I have one of these too (covered in skateboard stickers from a previous life) and it's saved my noggin in numerous skate-related incidents. That said, I switched to a more typical bike helmet and I am much more comfortable in the bike helmet. It's cooler and fits better. But whatever your melon is happiest with is what you should wear.


----------



## jeffj (Jan 13, 2004)

Just so you know so you can make a more informed decision: BMX and regular cycling helmets are tested to different standards. It is believed that the nature of the sport of BMX is that you may crash more frequently so they are designed to possibly withstand multiple impacts. That said, they are also designed with the idea that most BMX crashes happen at lower speeds than more traditional cycling crashes (or at least have the potential to) so traditional cycling helmets are designed to protect your melon better in higher speed crashes. The downside to traditional cycling helmets is that they are designed to withstand one good crash, break while doing their job (absorbing crash energy), and then be replaced.

Helmets for a particular discipline (BMX and the regular 'cycling' helmets are considered separate disciplines by the helmet testing organizations) are tested to different standards and those are only a minimum standard. It's doubtful that all BMX or all cycling helmets will off the same amount protection as the others in the same category. the only thing that is guaranteed is that they all passed the same test for a minimum standard. We also have no way to know if a $20 helmet is any better or worse than a $150 helmet in terms of protection, only that they met the same minimum standard required to get the approval from that testing organization.

Whether one will protect you better in every given scenario is a total crapshoot.

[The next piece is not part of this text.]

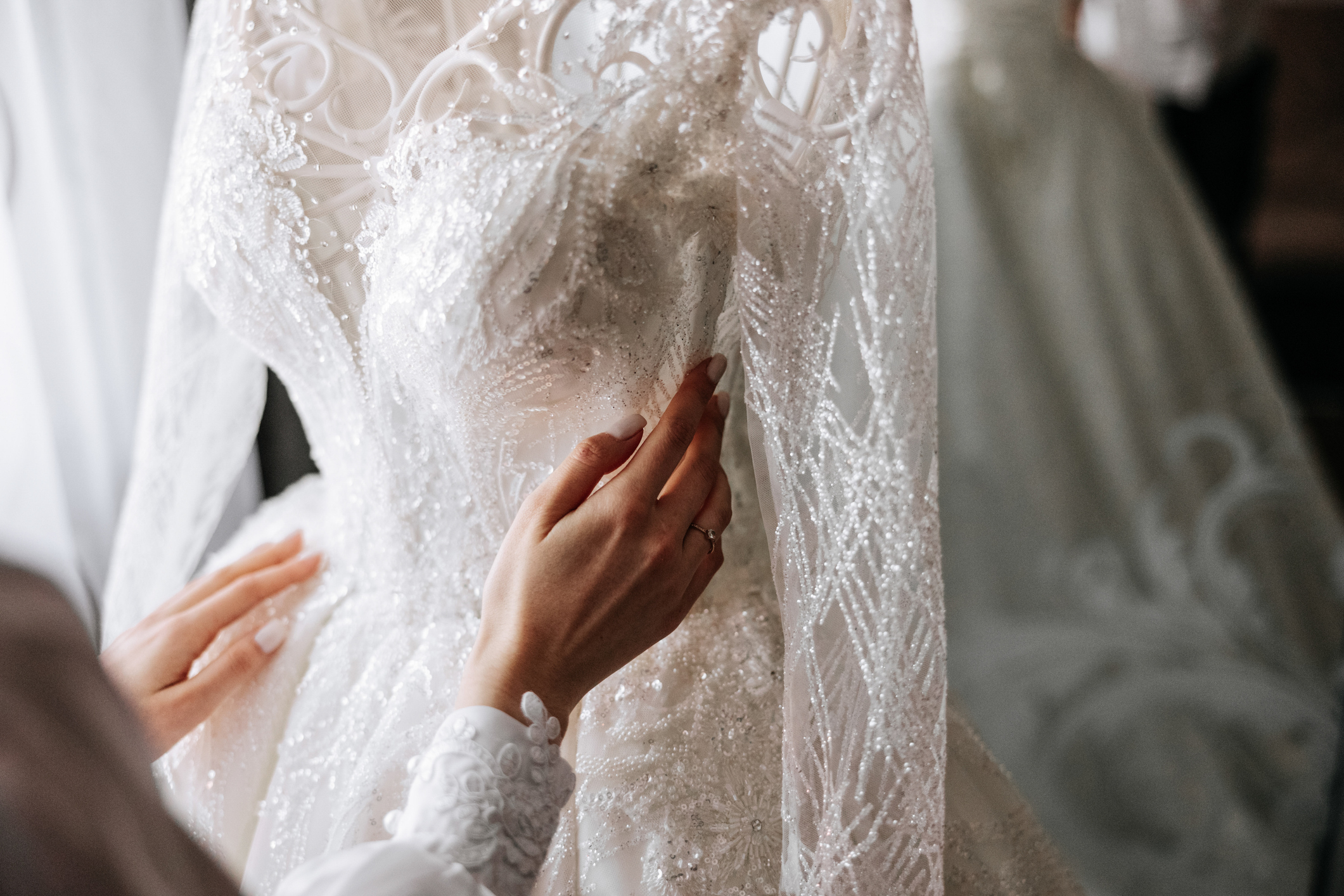 Close-up of a person adjusting the bodice of an ornate white wedding dress decorated with lace and beading.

More expensive helmets will generally have a more comfortable retention system and better ventilation (not to mention are usually better looking although that is totally subjective). Every melon is a bit unique and no single helmet is comfortable to everybody. Trying them on is the only true way to know for sure if a helmet is comfortable to you.


----------



## Glynis27 (Sep 28, 2007)

I have an XC lid and a skate lid. I wear them both depending on the type of riding I'm doing for the day. Long, hot rides get the XC lid as it is lighter, more comfortable and much better ventilated. I use the jump lid when I am doing shorter rides, urban riding and when I go to Ray's for the extra coverage. I also use it a bunch in the winter.

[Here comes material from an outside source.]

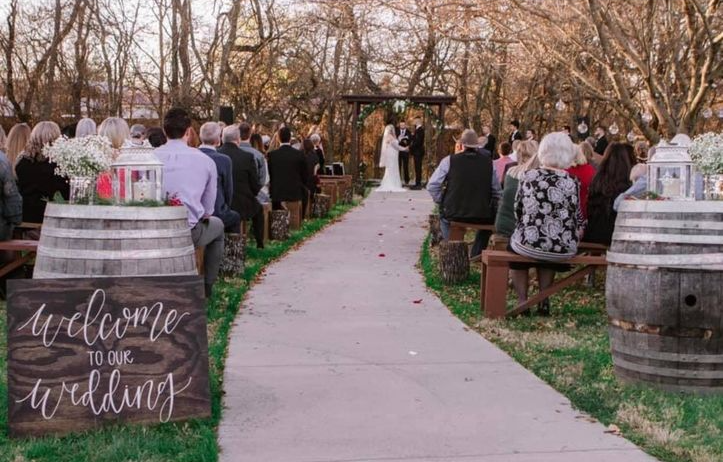 A bride and groom are getting married at a wedding ceremony.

I'll be getting one of those 661 Recon helmets as soon as they are released though. Should be the best of both worlds.


----------



## ducktape (May 21, 2007)

jeffj said:


> Just so you know so you can make a more informed decision: BMX and regular cycling helmets are tested to different standards. It is believed that the nature of the sport of BMX is that you may crash more frequently so they are designed to possibly withstand multiple impacts. That said, they are also designed with the idea that most BMX crashes happen at lower speeds than more traditional cycling crashes (or at least have the potential to) so traditional cycling helmets are designed to protect your melon better in higher speed crashes. The downside to traditional cycling helmets is that they are designed to withstand one good crash, break while doing their job (absorbing crash energy), and then be replaced.
> 
> Helmets for a particular discipline (BMX and the regular 'cycling' helmets are considered separate disciplines by the helmet testing organizations) are tested to different standards and those are only a minimum standard. It's doubtful that all BMX or all cycling helmets will off the same amount protection as the others in the same category. the only thing that is guaranteed is that they all passed the same test for a minimum standard. We also have no way to know if a $20 helmet is any better or worse than a $150 helmet in terms of protection, only that they met the same minimum standard required to get the approval from that testing organization.
> 
> ...


I think the rules in Australia might have changed recently or something. Both my MTB helmet and the Protec have a AS/NZ 2063 sticker in them, so they have both been tested and passed the same Aus /Nz standard.
I know in the past you could wear skate helmets without the hard foam stuff in them (which mtb helmets always had) but these days the BMX helmets have that stuff in them too.

You're right though I reckon the outer shell of the bmx helmet is tougher hence can possibly take more than one impact but if you had a serious crash you'd want to err on the side of caution because once the hard foam has done it's job (compressed) it won't do as good the 2nd time. Of course this doesn't apply to the types of helmets that are a hard shell of some sort with just soft padding on the inside which is meant to reduce the impact, and I imagine those were the helmets of the days gone?

Note also due to the changes I think you can still buy skate specific helmets (dj variety) which are different to the bike variety of the same thing and they do not meet the same standards!


----------



## coreyvf (Jun 26, 2010)

Well, here's my new helmet, finally got it...

Not only does nobody care that I'm the only Mountain Biker wearing a BMX style helmet, I look pretty pimp out there on the trails.... thanks for all the advice and smacking some sense into me, guys... great forum.


----------